| Subject: AFR: East Timor creates oil fund
Australian Financial Review June 18, 2003
East Timor creates oil fund
Ian Howarth
The East Timorese government will establish a petroleum fund, to be
administered by an independent council, to receive and distribute billions
of dollars in tax revenue from the emerging oil and gas projects in the
Timor Sea.
The "permanent petroleum fund" is a concept the East Timorese
have borrowed from Norway, which developed a similar fund to manage its
oil and cash flows from the North Sea.
But East Timor plans to modify the Norwegian scheme to build in
additional safeguards, according to East Timor's Secretary of State for
Tourism, Environment and Industry, Jose Teixiera.
Speaking in Darwin yesterday Mr Teixiera said the "Norway
plus" fund was designed to ensure the proper distribution of money
from the fund.
East Timor is expected to reap about $US3 billion ($4.5 billion) in tax
revenue from the Bayu-Undan gas project, which is being developed by
ConocoPhillips.
The Bayu-Undan field is in the Joint Petroleum Development Area,
administered by both Australia and east Timor.

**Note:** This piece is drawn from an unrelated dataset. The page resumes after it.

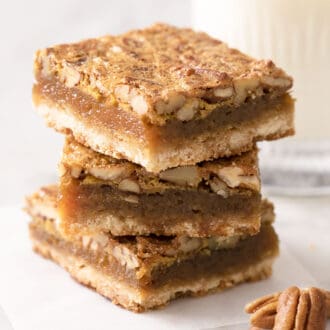A stack of three pecan pie bars.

East Timor will earn 90 per cent of all tax revenue from the project,
and Australia 10 per cent.
"The future of our people depends so heavily on this
revenue," Mr Teixiera said.
Australia's Foreign Minister, Alexander Downer, approved of the
"Norway plus" fund.
"The notion of putting revenue into a fund for present and future
generations to be wisely used is an attractive one," he said.
"We can all think of countries over the last 50 years that have
enjoyed a great windfall from resource exploitation ... and that money
has, over a short period of time, disappeared.
"[In some cases] vast quantities of money had gone into the hands
of elites and the ... community has completely missed out.
"It could be argued that this was one of the causes of the
Bougainville civil war."
Mr Teixiera also said that, while the tax revenue from the Bayu-Undan
project would be welcome, East Timor was entitled to more of the revenue.
He said East Timor had a legitimate claim to move the seabed boundary
between Australia and East Timor to the middle point, which would give
East Timor control of virtually all the Bayu-Undan and Sunrise gas fields.
He said that the international unitisation agreement, which enabled the
Bayu-Undan project to proceed was unfair.